- [Work request]:
Your copy should repeat each record below exactly and contain no images.

- [Material supplied]:

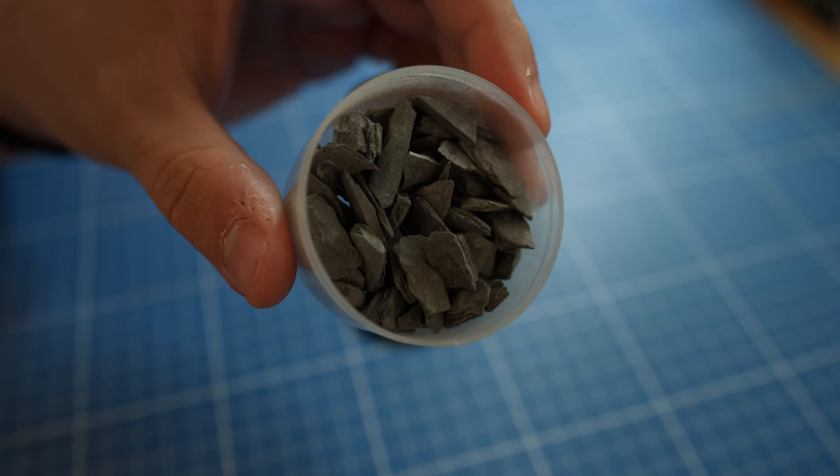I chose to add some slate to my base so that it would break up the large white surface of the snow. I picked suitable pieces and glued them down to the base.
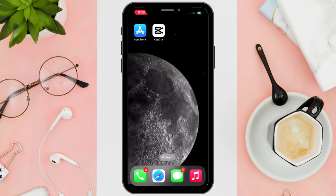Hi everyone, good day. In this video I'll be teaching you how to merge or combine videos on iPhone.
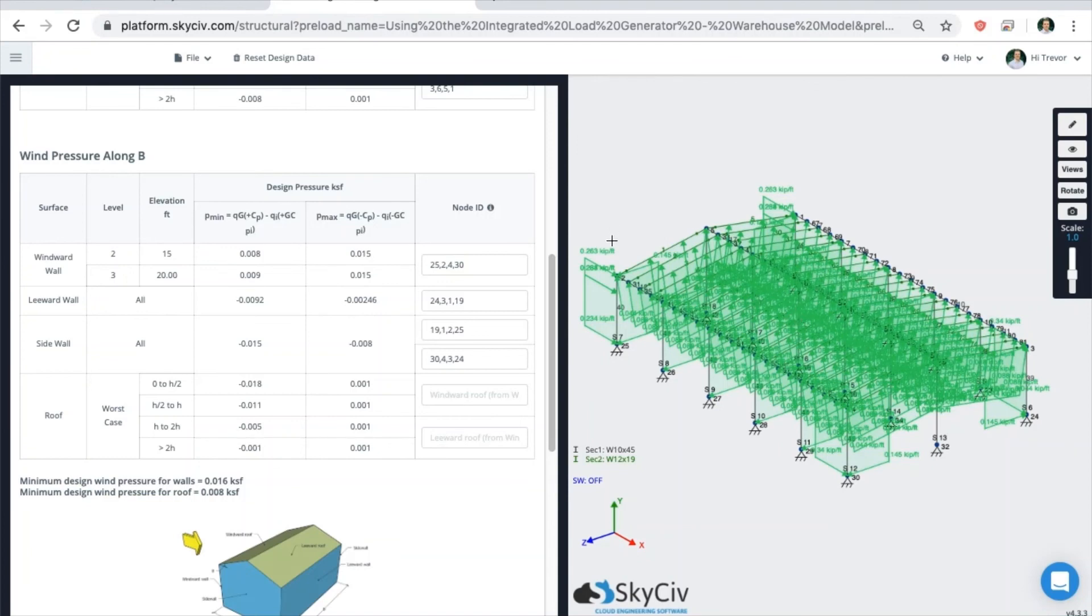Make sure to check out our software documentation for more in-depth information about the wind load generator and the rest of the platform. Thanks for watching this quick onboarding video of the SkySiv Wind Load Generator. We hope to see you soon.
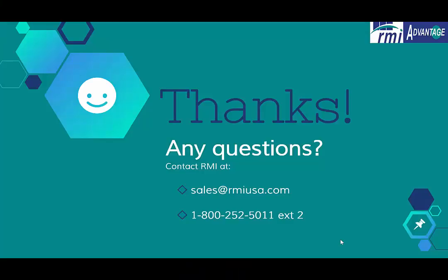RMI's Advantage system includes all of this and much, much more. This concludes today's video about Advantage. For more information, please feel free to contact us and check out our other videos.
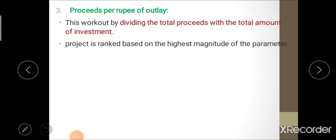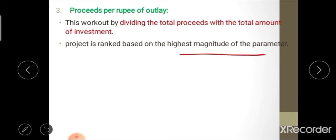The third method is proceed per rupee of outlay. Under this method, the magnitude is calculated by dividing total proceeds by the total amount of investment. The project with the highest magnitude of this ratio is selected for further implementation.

- [Solved exercise]:
I chose to add some slate to my base so that it would break up the large white surface of the snow. I picked suitable pieces and glued them down to the base.
Hi everyone, good day. In this video I'll be teaching you how to merge or combine videos on iPhone.
Make sure to check out our software documentation for more in-depth information about the wind load generator and the rest of the platform. Thanks for watching this quick onboarding video of the SkySiv Wind Load Generator. We hope to see you soon.
RMI's Advantage system includes all of this and much, much more. This concludes today's video about Advantage. For more information, please feel free to contact us and check out our other videos.
The third method is proceed per rupee of outlay. Under this method, the magnitude is calculated by dividing total proceeds by the total amount of investment. The project with the highest magnitude of this ratio is selected for further implementation.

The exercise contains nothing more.